WHAT TO WORK ON:
Give the data below again exactly as written, without its pictures.

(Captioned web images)

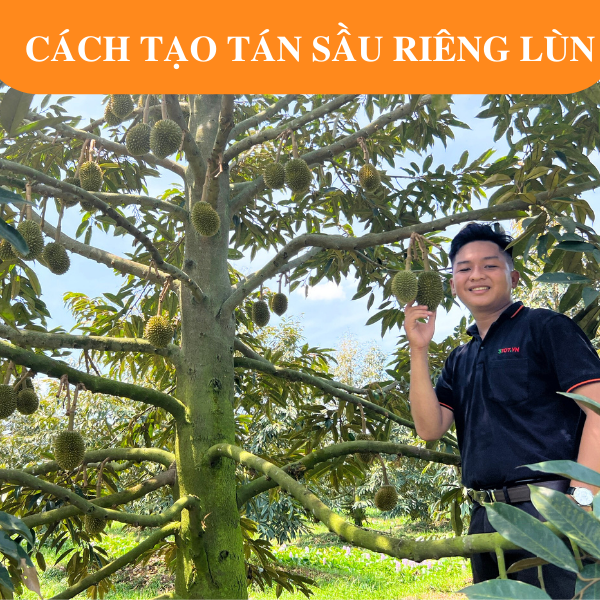 Cách Tạo Tán Sầu Riêng Lùn Như Thế Nào?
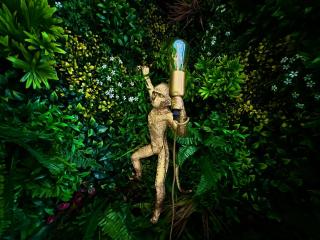 Appartement Jungle Chic pour Couple avec Parking Centre de Nîmes - 1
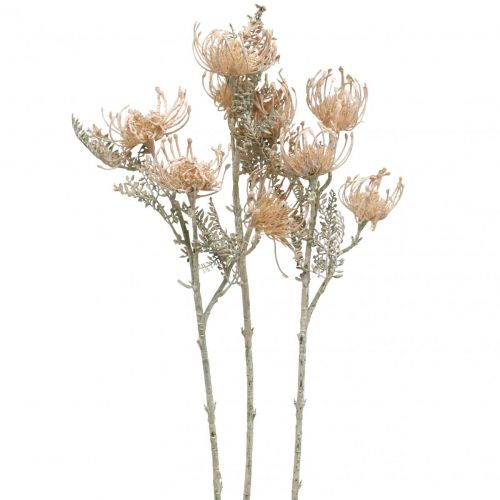 Kunstblumen, Nadelkissen Blume, Leucospermum, Proteaceae Weiß gewaschen L58cm 3St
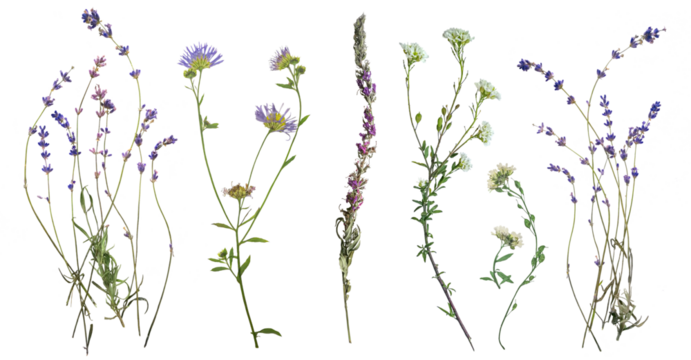 Dried wild blue flowers on transparent background. Flat lay, top view.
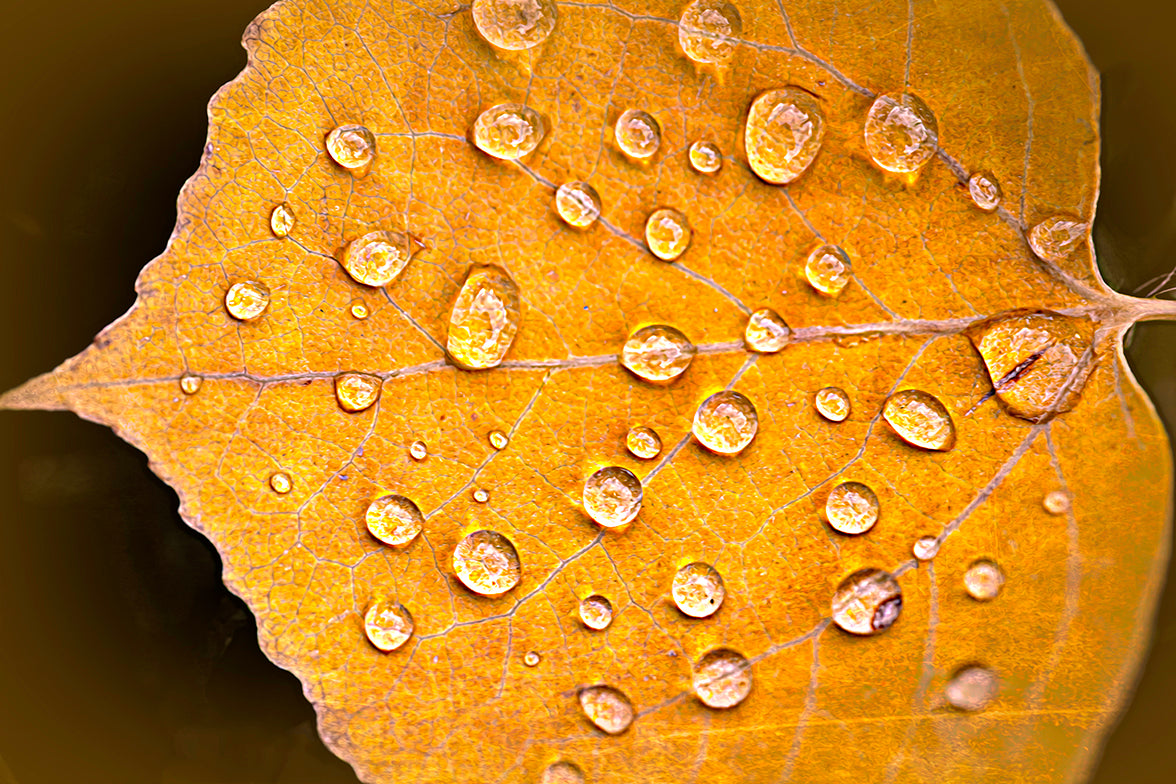 Tears in Nature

EXERCISE OUTPUT:
 Cách Tạo Tán Sầu Riêng Lùn Như Thế Nào?
 Appartement Jungle Chic pour Couple avec Parking Centre de Nîmes - 1
 Kunstblumen, Nadelkissen Blume, Leucospermum, Proteaceae Weiß gewaschen L58cm 3St
 Dried wild blue flowers on transparent background. Flat lay, top view.
 Tears in Nature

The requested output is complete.